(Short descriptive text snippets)
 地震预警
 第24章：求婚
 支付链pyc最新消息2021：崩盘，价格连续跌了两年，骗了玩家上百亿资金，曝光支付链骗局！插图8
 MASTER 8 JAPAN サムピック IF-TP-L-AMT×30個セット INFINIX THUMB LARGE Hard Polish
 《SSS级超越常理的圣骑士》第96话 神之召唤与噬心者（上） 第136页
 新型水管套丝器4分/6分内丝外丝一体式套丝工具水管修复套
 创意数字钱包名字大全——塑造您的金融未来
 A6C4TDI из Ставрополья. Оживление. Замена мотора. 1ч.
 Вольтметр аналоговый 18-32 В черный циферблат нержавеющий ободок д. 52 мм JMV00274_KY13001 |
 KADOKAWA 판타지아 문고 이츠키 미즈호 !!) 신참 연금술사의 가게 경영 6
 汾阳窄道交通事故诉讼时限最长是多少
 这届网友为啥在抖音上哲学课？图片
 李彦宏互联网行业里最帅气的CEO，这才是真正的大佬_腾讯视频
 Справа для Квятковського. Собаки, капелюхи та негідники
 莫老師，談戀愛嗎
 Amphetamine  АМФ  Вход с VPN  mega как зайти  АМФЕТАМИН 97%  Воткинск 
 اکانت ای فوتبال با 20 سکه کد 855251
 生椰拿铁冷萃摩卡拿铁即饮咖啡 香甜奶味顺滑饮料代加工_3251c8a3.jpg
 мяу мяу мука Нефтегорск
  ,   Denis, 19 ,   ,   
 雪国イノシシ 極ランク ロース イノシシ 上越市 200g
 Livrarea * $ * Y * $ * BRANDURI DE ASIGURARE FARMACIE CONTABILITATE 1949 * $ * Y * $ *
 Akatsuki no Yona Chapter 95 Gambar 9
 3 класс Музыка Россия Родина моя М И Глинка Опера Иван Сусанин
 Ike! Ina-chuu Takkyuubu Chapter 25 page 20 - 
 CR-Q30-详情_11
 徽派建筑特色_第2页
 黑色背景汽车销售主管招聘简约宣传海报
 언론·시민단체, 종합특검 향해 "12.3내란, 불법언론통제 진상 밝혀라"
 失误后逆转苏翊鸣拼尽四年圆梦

- **PROBLEM REQUIREMENTS**: In the entries above, find the line with "汾阳窄道交通事故诉讼时限最长是多少", then retype it and every line after it exactly.

- **EXERCISE RESPONSE**:
 汾阳窄道交通事故诉讼时限最长是多少
 这届网友为啥在抖音上哲学课？图片
 李彦宏互联网行业里最帅气的CEO，这才是真正的大佬_腾讯视频
 Справа для Квятковського. Собаки, капелюхи та негідники
 莫老師，談戀愛嗎
 Amphetamine  АМФ  Вход с VPN  mega как зайти  АМФЕТАМИН 97%  Воткинск 
 اکانت ای فوتبال با 20 سکه کد 855251
 生椰拿铁冷萃摩卡拿铁即饮咖啡 香甜奶味顺滑饮料代加工_3251c8a3.jpg
 мяу мяу мука Нефтегорск
  ,   Denis, 19 ,   ,   
 雪国イノシシ 極ランク ロース イノシシ 上越市 200g
 Livrarea * $ * Y * $ * BRANDURI DE ASIGURARE FARMACIE CONTABILITATE 1949 * $ * Y * $ *
 Akatsuki no Yona Chapter 95 Gambar 9
 3 класс Музыка Россия Родина моя М И Глинка Опера Иван Сусанин
 Ike! Ina-chuu Takkyuubu Chapter 25 page 20 - 
 CR-Q30-详情_11
 徽派建筑特色_第2页
 黑色背景汽车销售主管招聘简约宣传海报
 언론·시민단체, 종합특검 향해 "12.3내란, 불법언론통제 진상 밝혀라"
 失误后逆转苏翊鸣拼尽四年圆梦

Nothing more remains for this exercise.